##### Task data
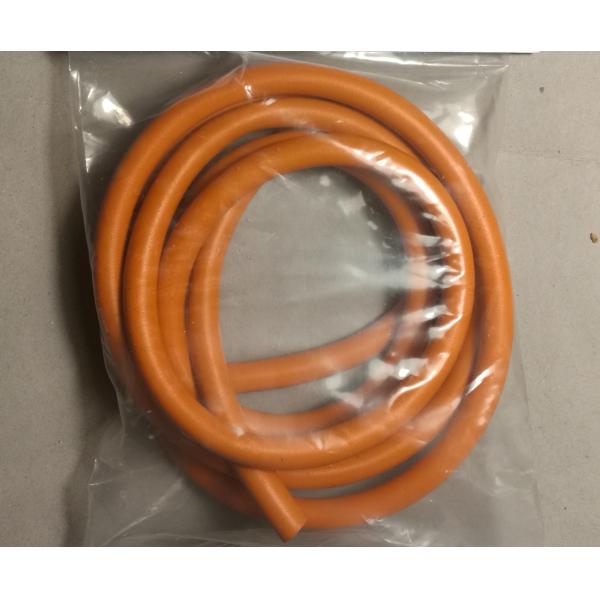 China Rubber Hose 2m I/D:1/4", O/D:3/8" Plumbing tools Natural Rubber For Manometer Stand-Up U Gauge,3-Way Pressure Test Tee factory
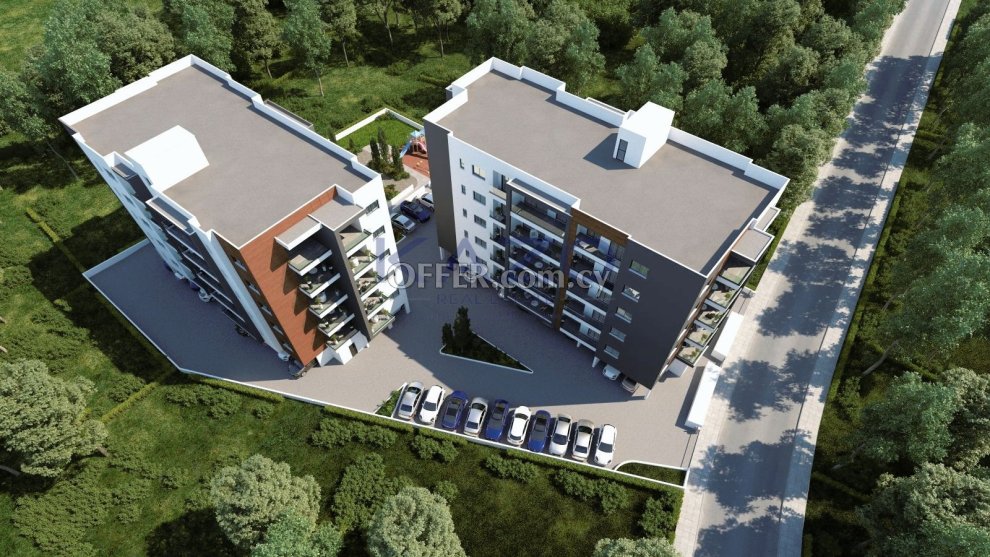 Excellent Two Bedroom Top Floor Apartment for Sale in Kato Polemidia - 2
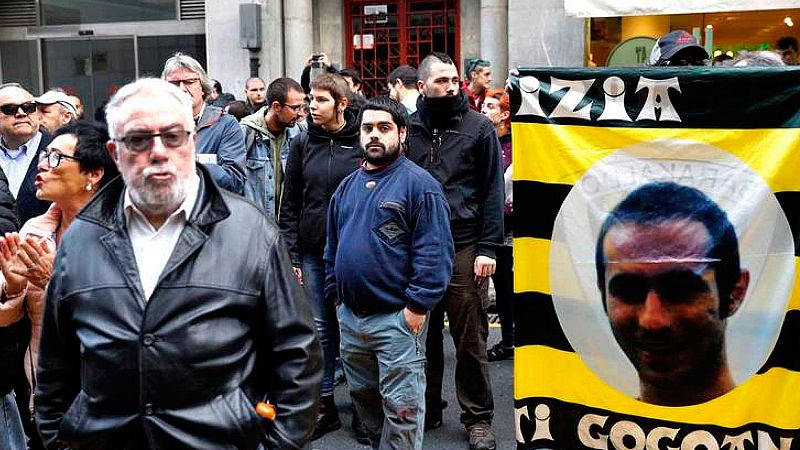 Empieza el juicio por la muerte del hincha del Athletic Ignacio Cabanas en 2012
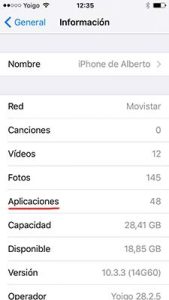 apps no compatibles con ios 11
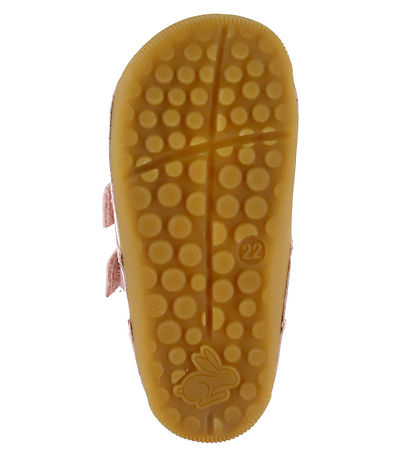 Bundgaard Begyndersko - Petit - Wide Fit - Vintage Rose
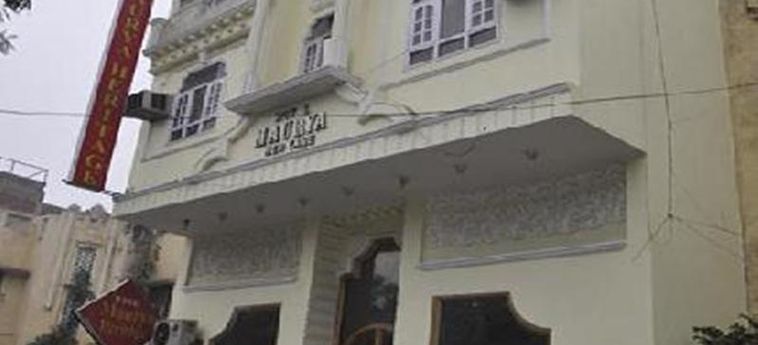 Hotel Maurya Hermitage:  NUEVA DELHI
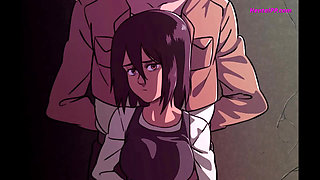 Gabi Braun Sex In The Prison ( Uncensored )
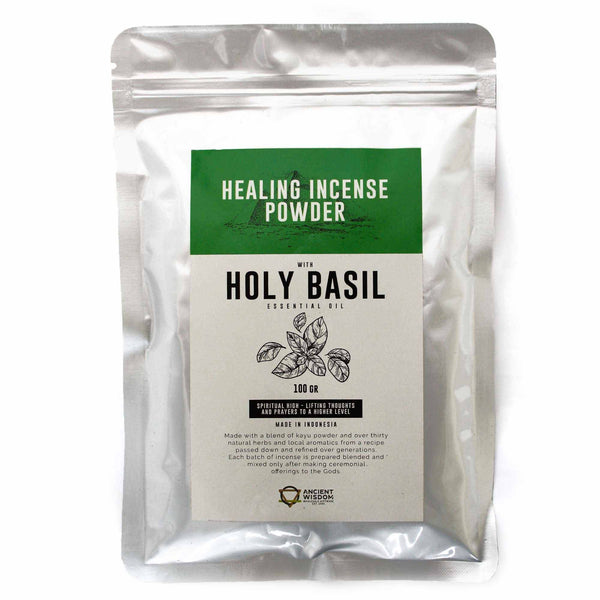 Incense Powder - Holy Basil 100gm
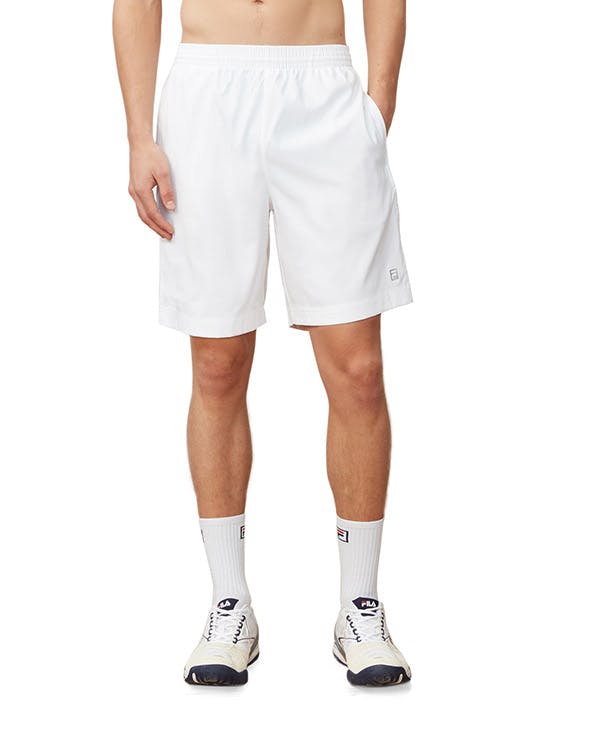 Fila Men's Fundamental Hard Court 2 9in Tennis Shorts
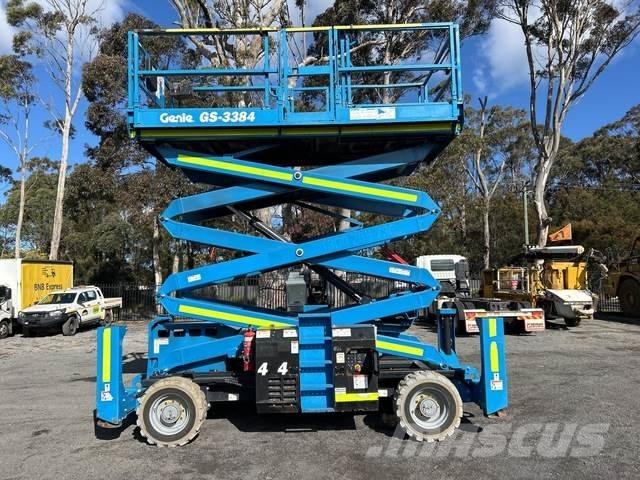 Genie GS3384 Platforme foarfeca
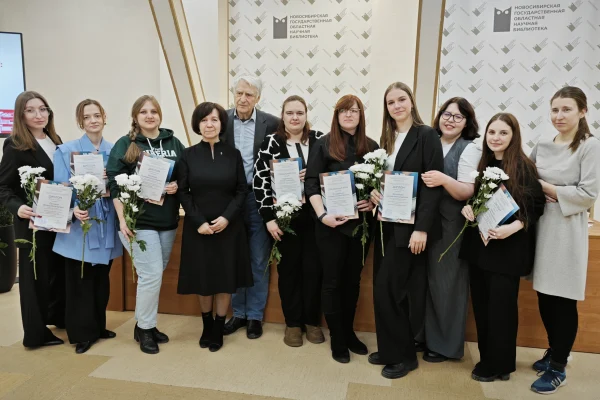 Стартовало ежегодное областное совещание директоров государственных и муниципальных библиотек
##########
Work instruction: Could you retype every record exactly, leaving the pictures out?

Worked solution:
 China Rubber Hose 2m I/D:1/4", O/D:3/8" Plumbing tools Natural Rubber For Manometer Stand-Up U Gauge,3-Way Pressure Test Tee factory
 Excellent Two Bedroom Top Floor Apartment for Sale in Kato Polemidia - 2
 Empieza el juicio por la muerte del hincha del Athletic Ignacio Cabanas en 2012
 apps no compatibles con ios 11
 Bundgaard Begyndersko - Petit - Wide Fit - Vintage Rose
 Hotel Maurya Hermitage:  NUEVA DELHI
 Gabi Braun Sex In The Prison ( Uncensored )
 Incense Powder - Holy Basil 100gm
 Fila Men's Fundamental Hard Court 2 9in Tennis Shorts
 Genie GS3384 Platforme foarfeca
 Стартовало ежегодное областное совещание директоров государственных и муниципальных библиотек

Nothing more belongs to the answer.